*Problem description*
When you reach a picture, skip it, and retype every line below exactly.

*Source data*
========

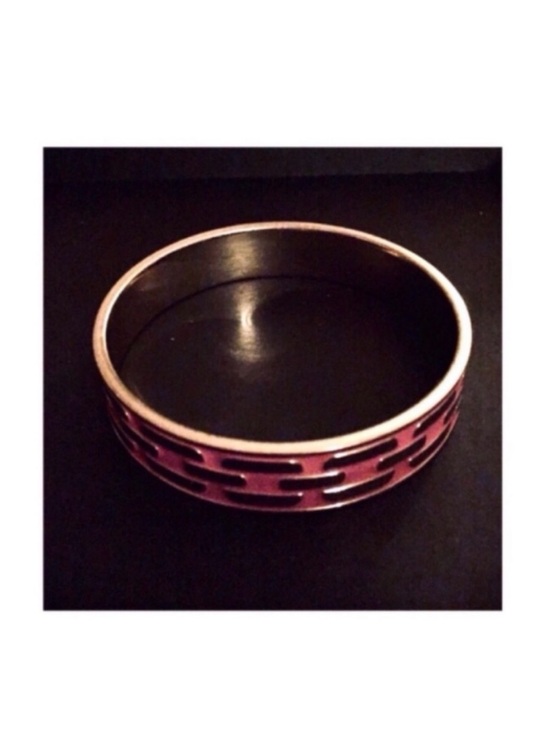 Jewelry - Pink Enameled Bangle w/Embossed Gold Link Design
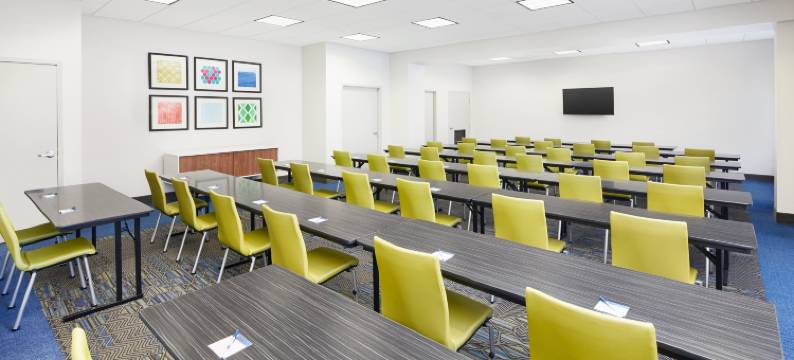 智选假日套房酒店港口里奇(Holiday Inn Express & Suites PORT RICHEY by IHG)图片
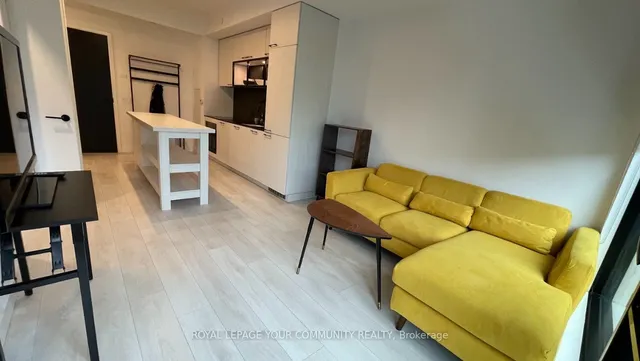 Additional image 5 of 505 Richmond St Unit 722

========

*Answer to this problem*
 Jewelry - Pink Enameled Bangle w/Embossed Gold Link Design
 智选假日套房酒店港口里奇(Holiday Inn Express & Suites PORT RICHEY by IHG)图片
 Additional image 5 of 505 Richmond St Unit 722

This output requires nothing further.